Grim reality behind Peruvian Amazon’s ‘rivers of gold’
One of NASA’s astronauts at the International Space Station took a picture of what seemed to be rivers of gold flowing throw eastern Peru
A photograph taken from the International Space Station (ISS) shows what appears to be rivers of gold running through the Amazon rainforest in the Madre de Dios state in Peru, but the reality is not that glossy.
The picture shows gold prospecting pits in the Inambari river in the Peruvian Amazon, according to NASA’s Earth Observatory, that published this photo. While the pits have small amounts of gold, it is mostly polluted water and mud left there by independent miners in the region. These are usually hidden from view from the ISS but they became visible in the shot due to reflected sunlight.

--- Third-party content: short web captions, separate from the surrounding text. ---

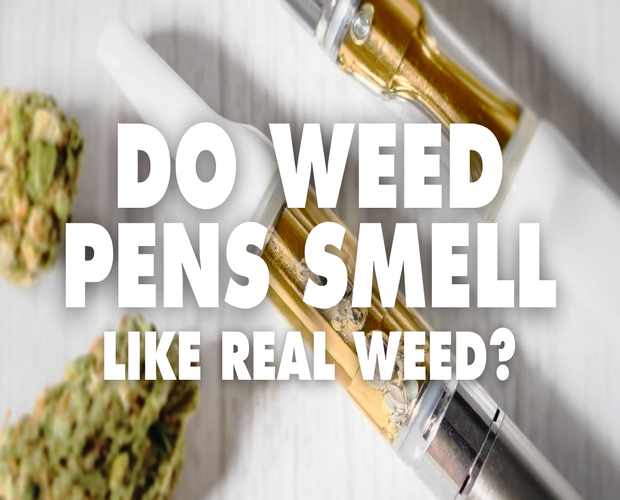 Do Weed Pens Smell Like Real Weed? This image depicts nugs of cannabis and thc weed vape cartridges.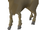 Stag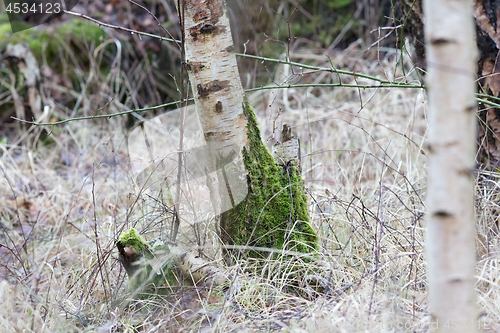 Image of Birch trunk in nature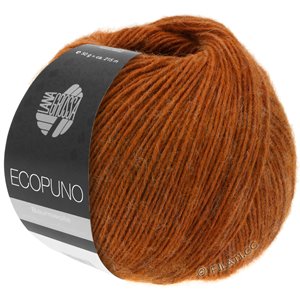 Lana Grossa ECOPUNO | 049-коричневый цвет корицы
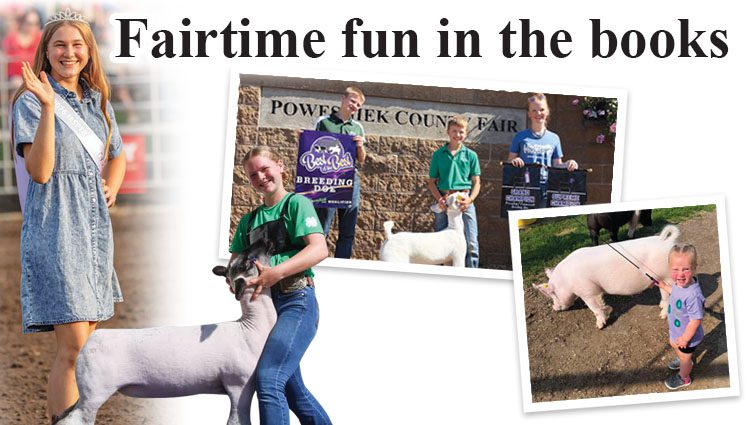 Fairtime fun in the books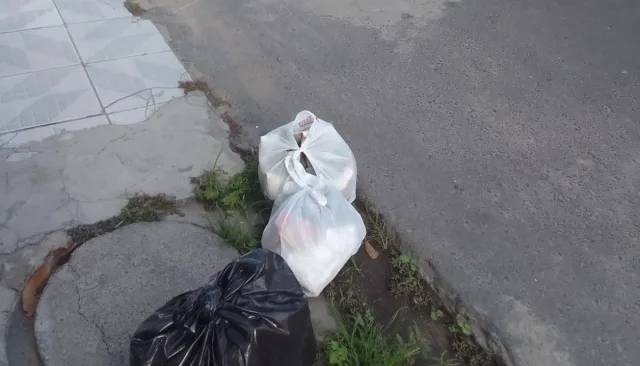 sem coleta de lixo em feira de santana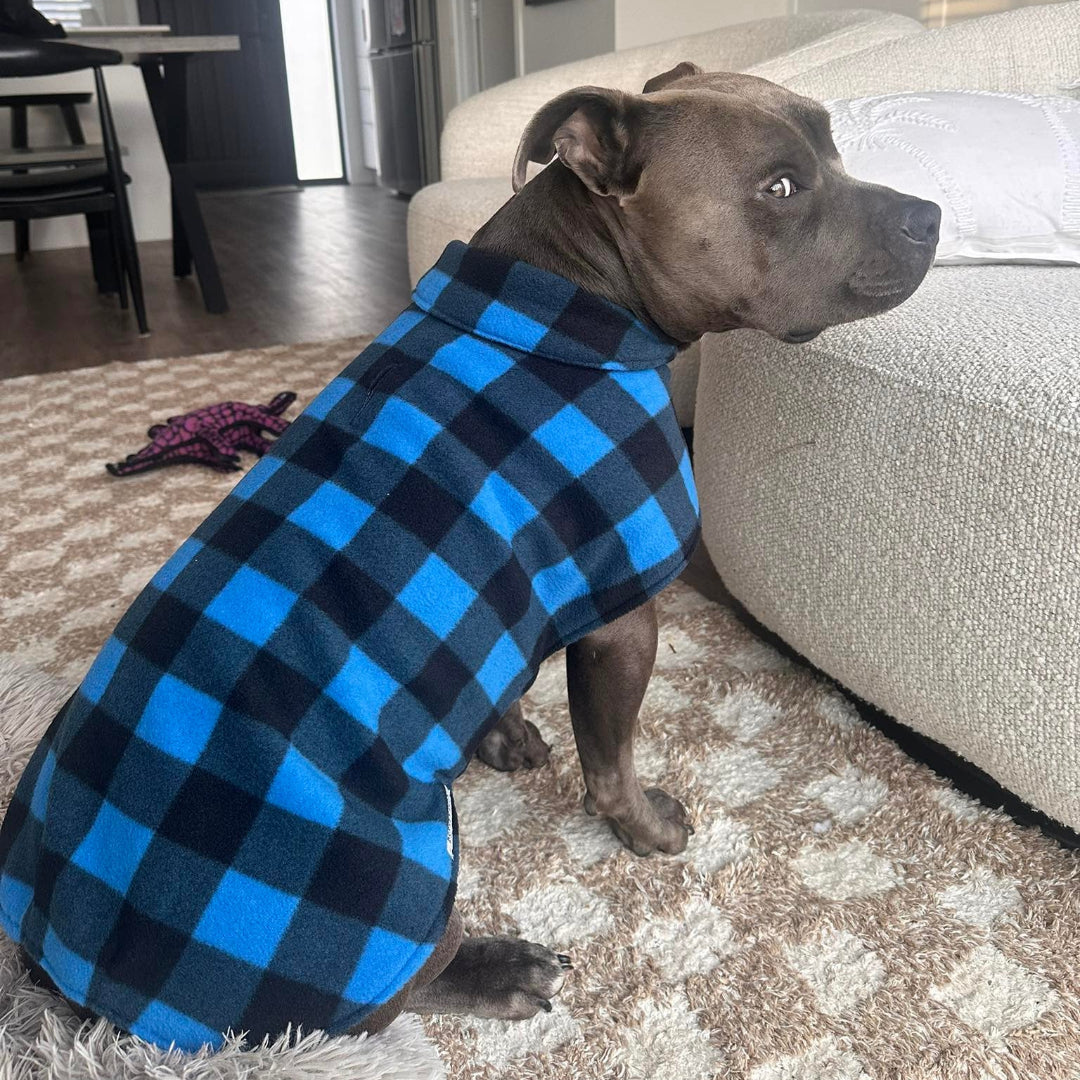 Dog wearing a blue and black checkered shirt in a living room.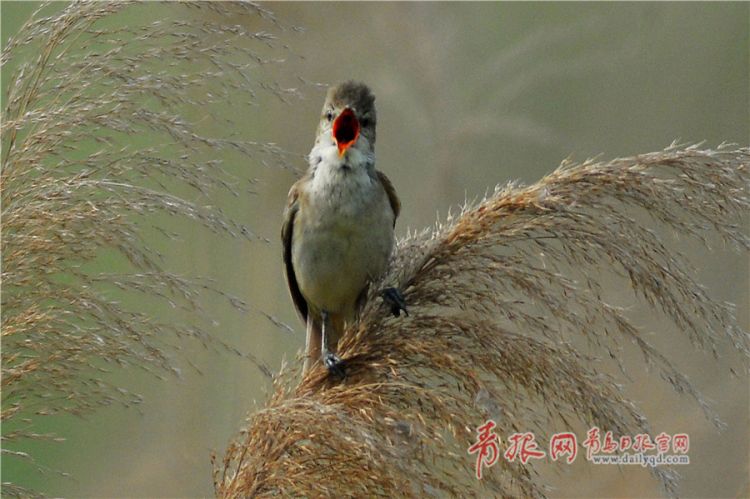 实拍青岛河流入海口的“湿地精灵” 构成和谐生态画卷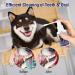 Pet Oral Care Spray Pet Clean Teeth Cleaning Spray for Dogs & Cats Pet Breath Freshener Spray Care Cleaner Teeth Cleaning Spray for Dogs & Cats - Buy Online on GoSupps.com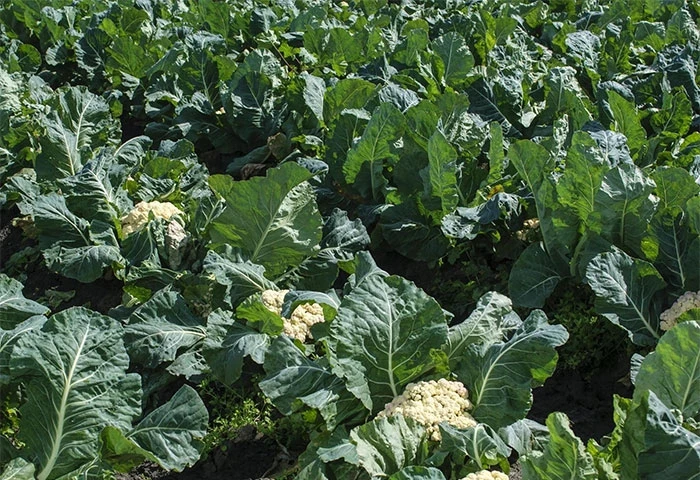 Wholesale Cauliflower Best Price High Quality Vegetables Healthy Cauliflower From Vietnamese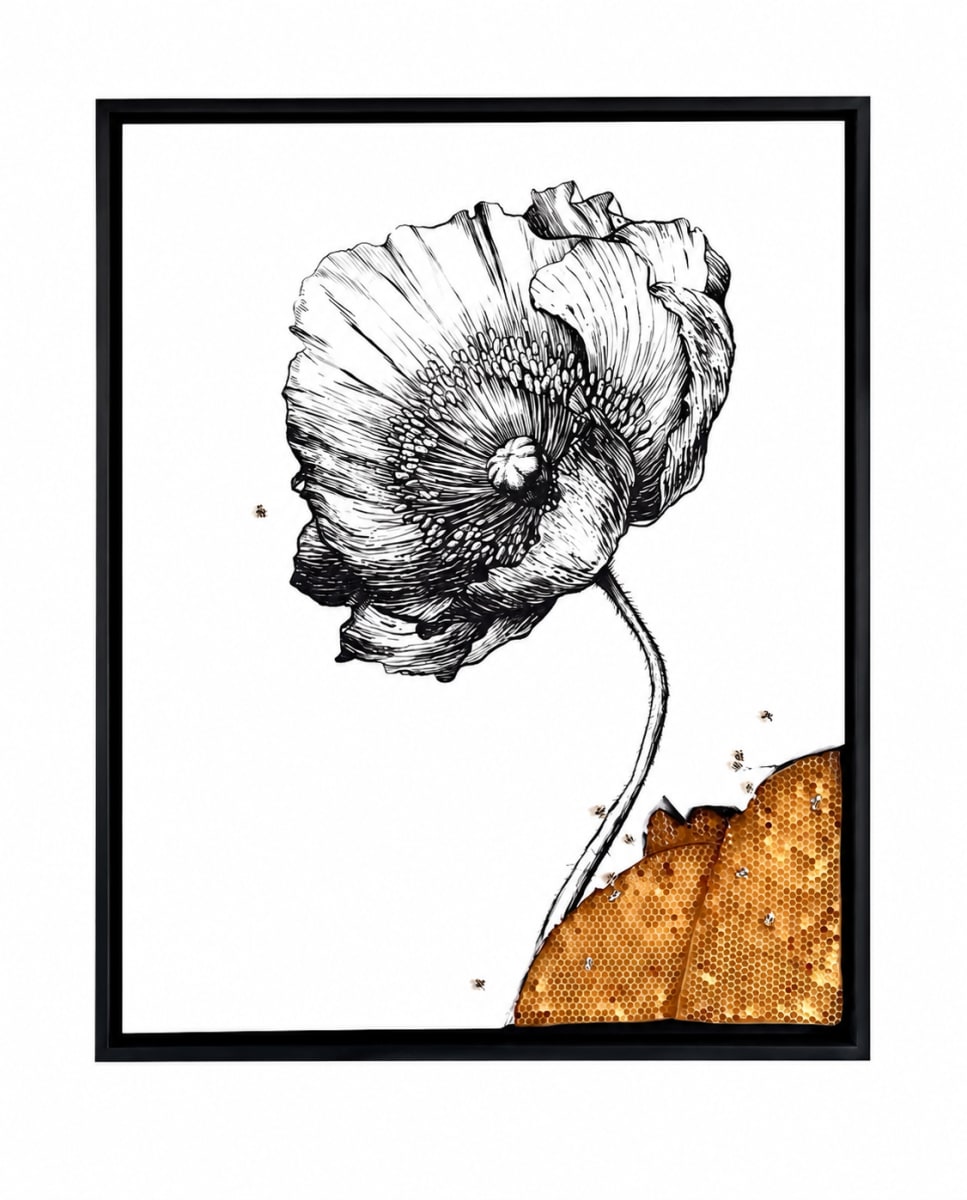 Chris Campbell homepage image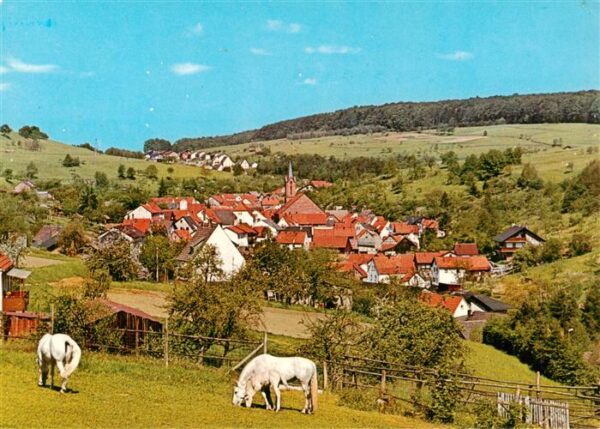 Weibersbrunn Panorama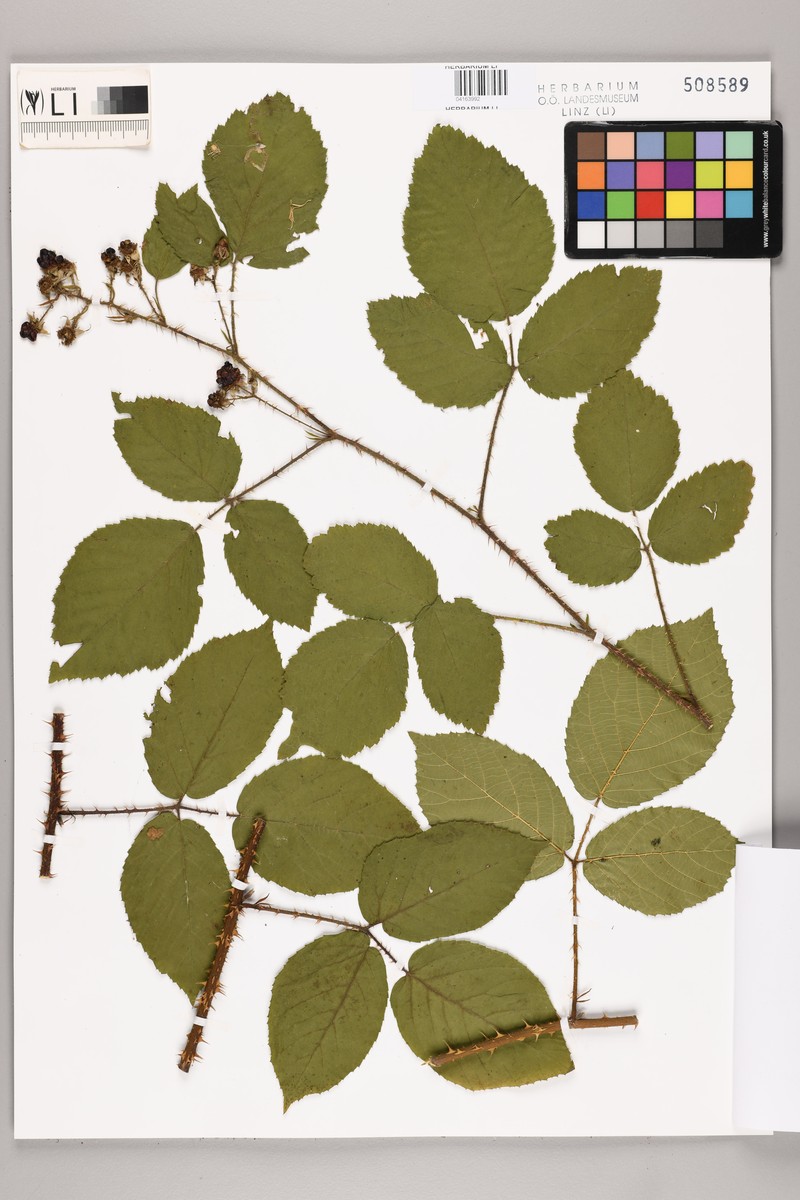 Rubus brdensis photo 6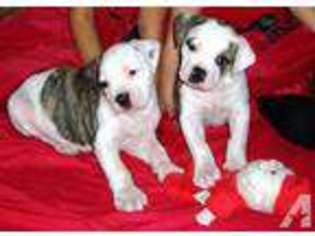 American Bulldog Puppy for sale in OROVILLE, CA, USA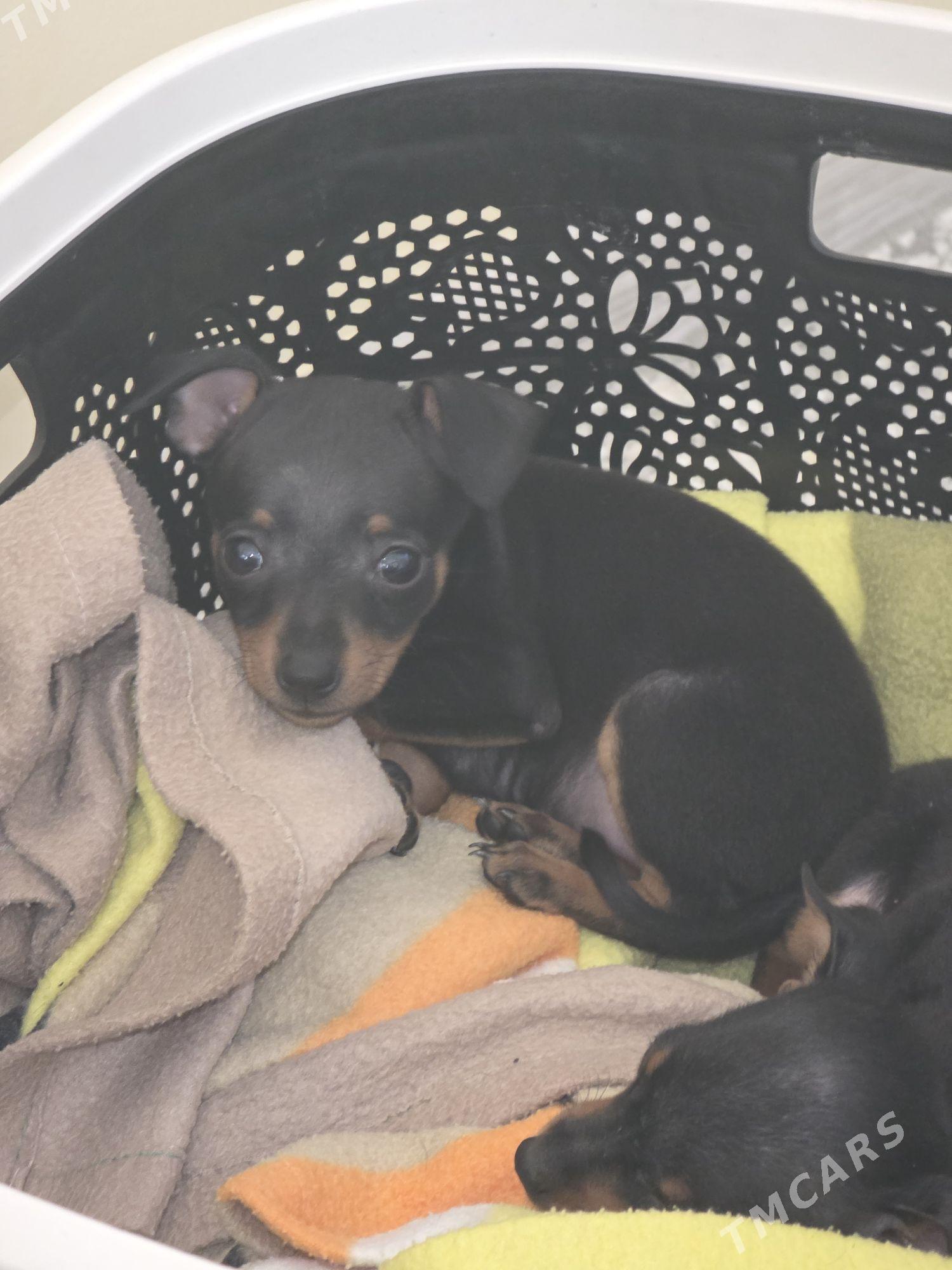 kicjik gujuk/пражская крысарни - Aşgabat - img 3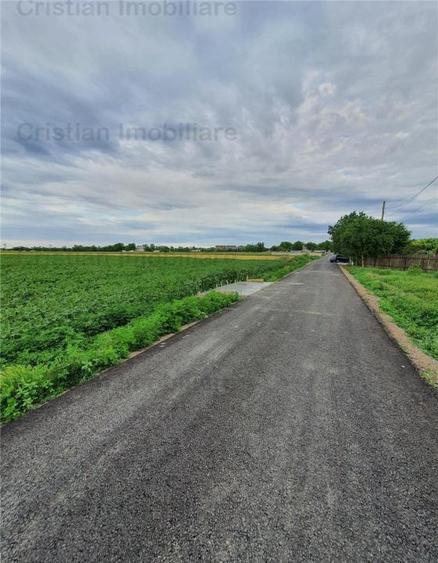 Teren intravilan de 8881 mp, în Cazasu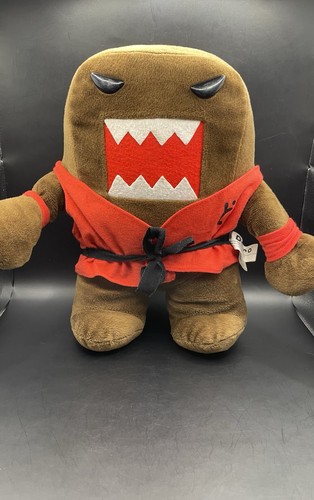 2013 dojo domo karate - 12",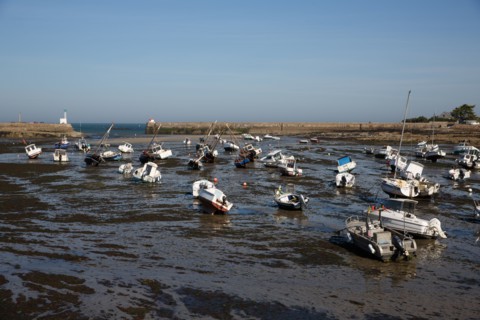 Barfleur (Manche)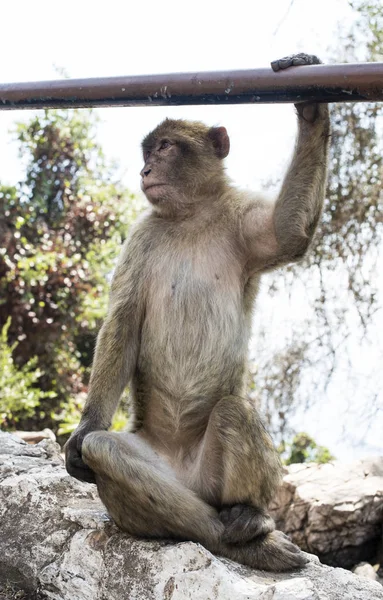 Barbary macaque monkey — Stock Photo, Image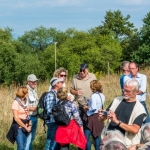 Weinwanderung 2013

The livelihood of thousands of people in Madre de Dios depends on mining, making it one of the largest unregistered mining industries across the globe. Close to 30,000 small-scale miners prospect gold illegally in the area.
Experts say that illegal gold mining has destroyed the ecology of the area, an issue which the local authorities ignore in exchange for handsome bribes.
Gold mining in the area, a lot of which is in a protected park, is growing by 242 hectares per year according to an NGO. Mining also leads to deforestation in the area and the mercury being used for gold mining pollutes the waters.
Experts deem the damage being done in the area by pollution as ‘irreversible’.
Deforestation due to gold mining destroyed an estimated 22,930 acres of Peru’s Amazon in 2018, according to a 2019 study by the group Monitoring of the Andean Amazon Project (MAAP).